▸ Task statement
Print all of the entries exactly, minus the pictures.

▸ Recorded data
+++
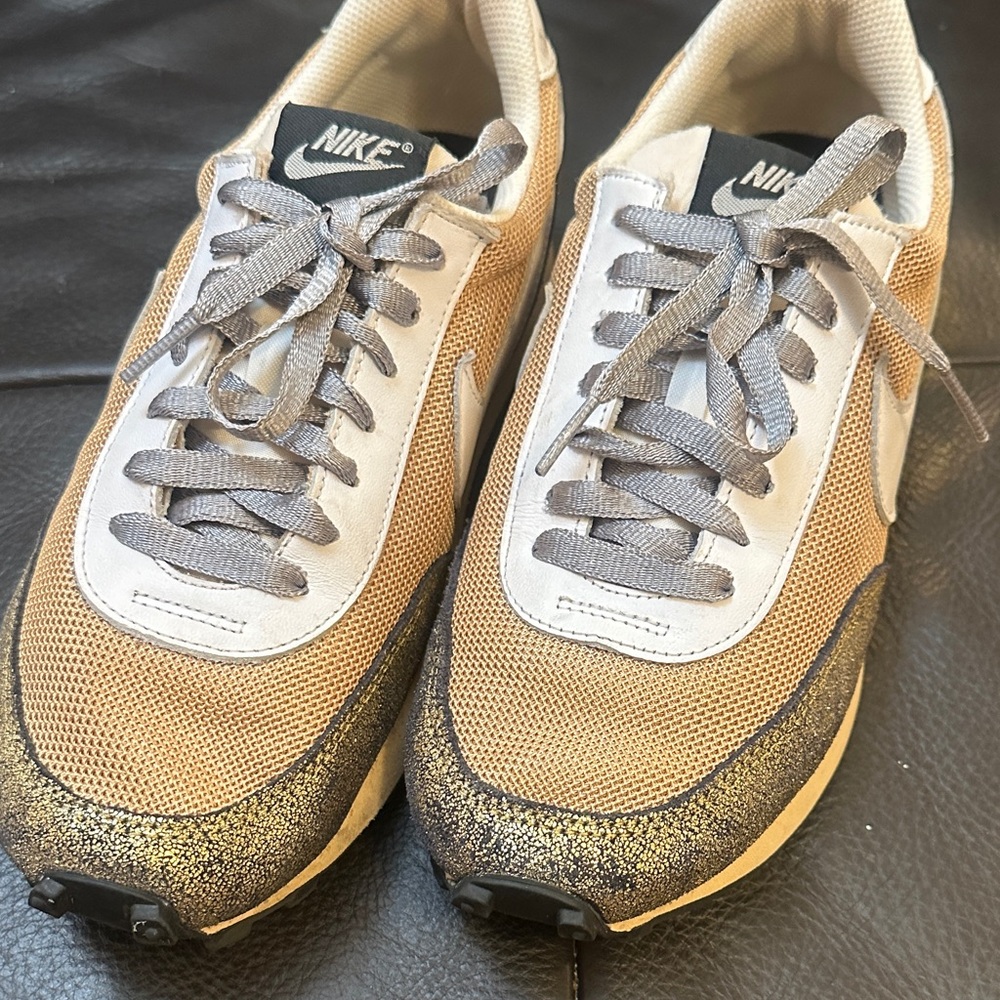 Nike Daybreak "Golden Gals" sneakers with twine and white colorway - size 9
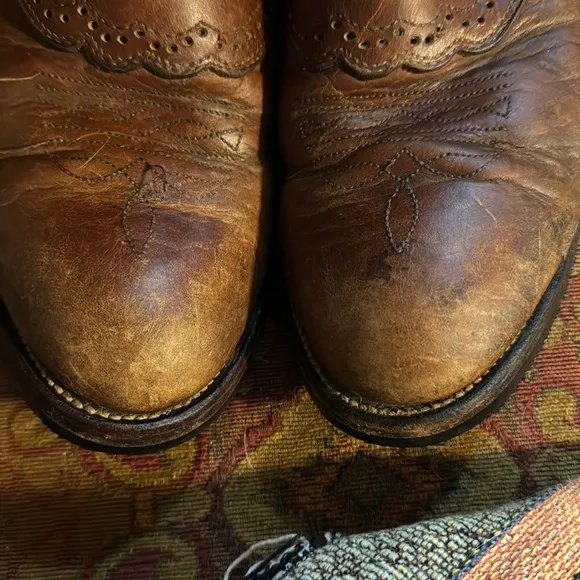 Boulet Cowboy Boots two tone size 9 - have been resoled!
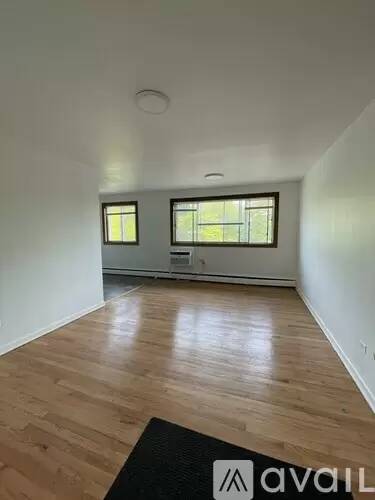 Main picture of 1408 W Juneway Ter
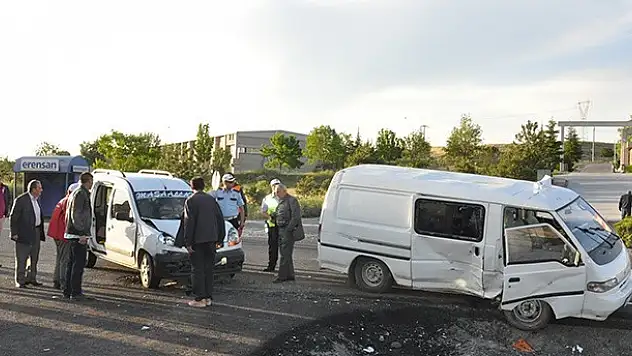 Yozgat'ta trafik kazası: 7 yaralı
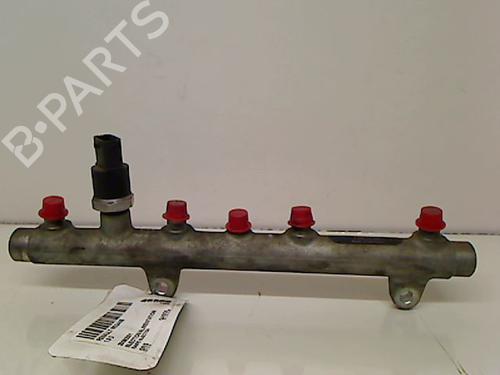 Used Injection rail RENAULT MEGANE I (BA0/1_) 1.9 dCi (BA05, BA1F) (102 hp) 23148961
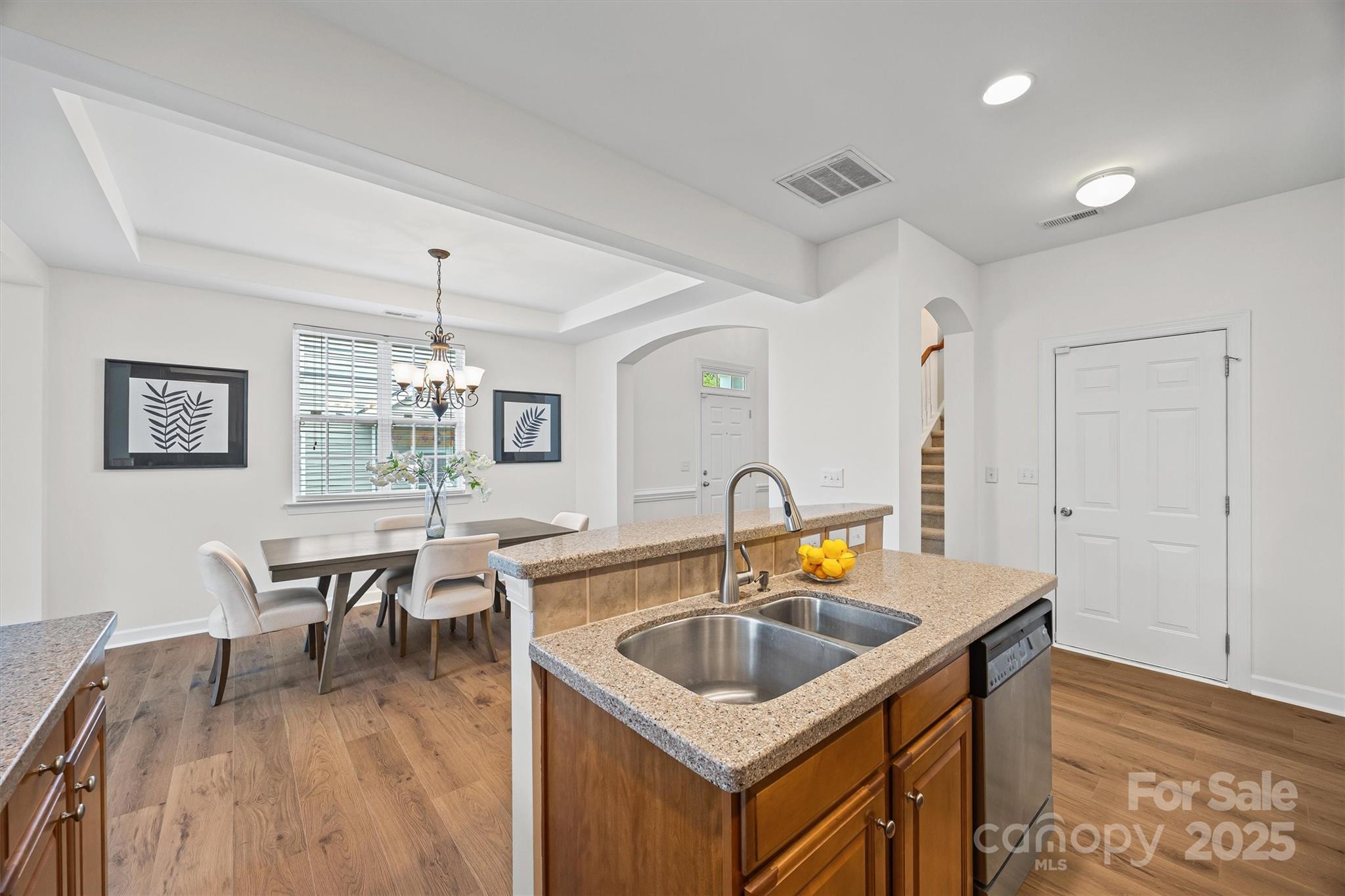 11022 Lucky Horseshoe Lane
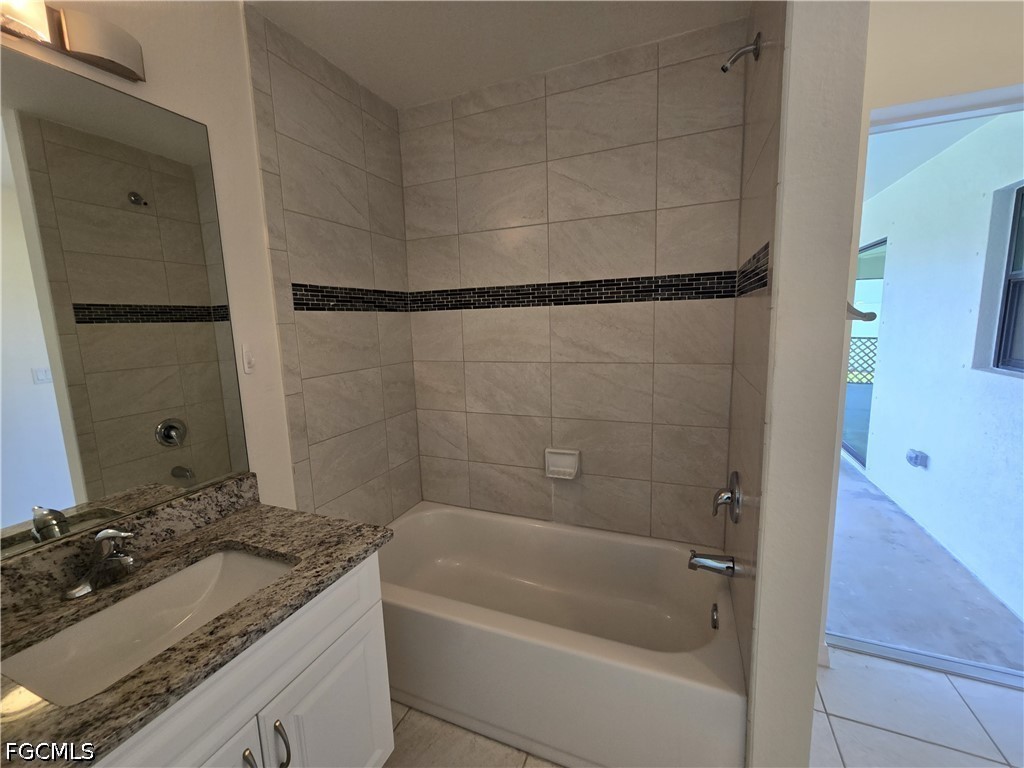 4 Bed Waterfront Home for Sale in Cape Coral, photo 29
+++
▸ Task solution
 Nike Daybreak "Golden Gals" sneakers with twine and white colorway - size 9
 Boulet Cowboy Boots two tone size 9 - have been resoled!
 Main picture of 1408 W Juneway Ter
 Yozgat'ta trafik kazası: 7 yaralı
 Used Injection rail RENAULT MEGANE I (BA0/1_) 1.9 dCi (BA05, BA1F) (102 hp) 23148961
 11022 Lucky Horseshoe Lane
 4 Bed Waterfront Home for Sale in Cape Coral, photo 29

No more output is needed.